***** RECORD EXTRACTS

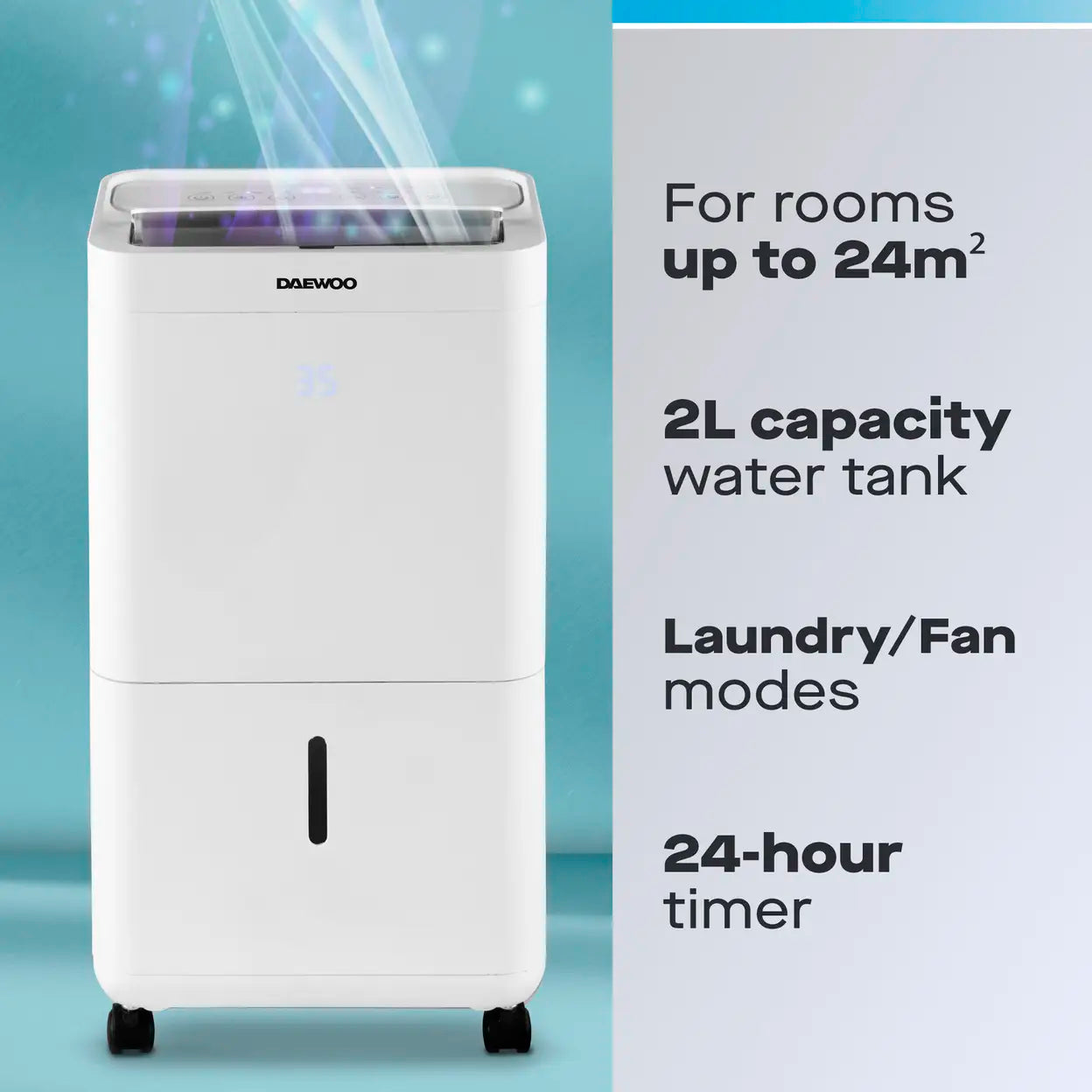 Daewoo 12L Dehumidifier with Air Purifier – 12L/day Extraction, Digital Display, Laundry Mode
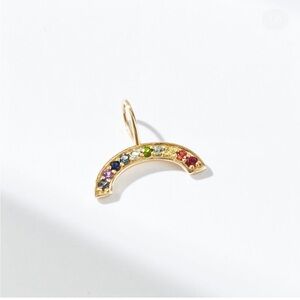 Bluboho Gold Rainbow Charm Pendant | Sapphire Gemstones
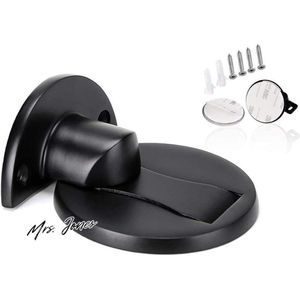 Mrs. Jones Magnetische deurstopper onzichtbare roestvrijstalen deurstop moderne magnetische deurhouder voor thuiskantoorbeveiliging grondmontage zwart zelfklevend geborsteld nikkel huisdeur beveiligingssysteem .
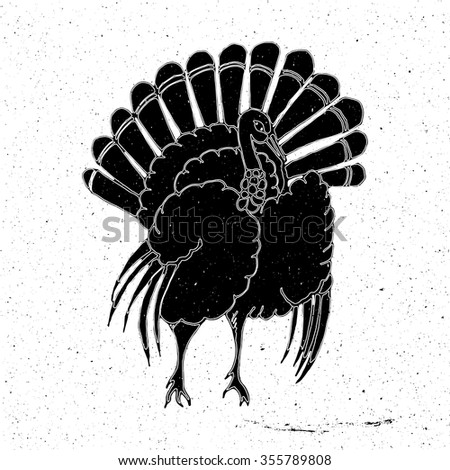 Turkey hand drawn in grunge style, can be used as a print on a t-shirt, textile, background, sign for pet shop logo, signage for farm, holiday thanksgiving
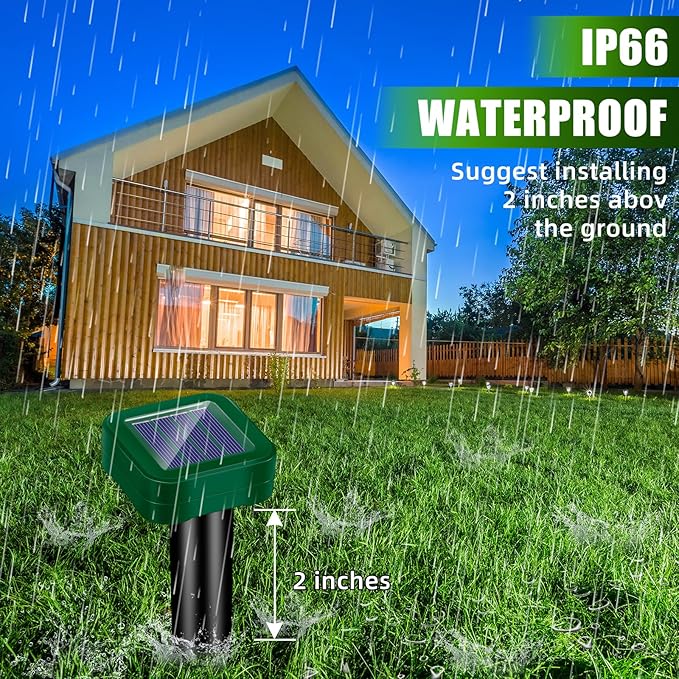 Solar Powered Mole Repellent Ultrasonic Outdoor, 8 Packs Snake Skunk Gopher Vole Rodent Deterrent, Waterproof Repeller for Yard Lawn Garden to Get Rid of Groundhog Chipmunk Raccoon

**********

TASK INSTRUCTIONS: Each line between the one holding "Mrs. Jones Magnetische" and the one holding "Turkey hand drawn", inclusive, should be copied exactly as it appears above, and pictures should be omitted.

ANSWER:
 Mrs. Jones Magnetische deurstopper onzichtbare roestvrijstalen deurstop moderne magnetische deurhouder voor thuiskantoorbeveiliging grondmontage zwart zelfklevend geborsteld nikkel huisdeur beveiligingssysteem .
 Turkey hand drawn in grunge style, can be used as a print on a t-shirt, textile, background, sign for pet shop logo, signage for farm, holiday thanksgiving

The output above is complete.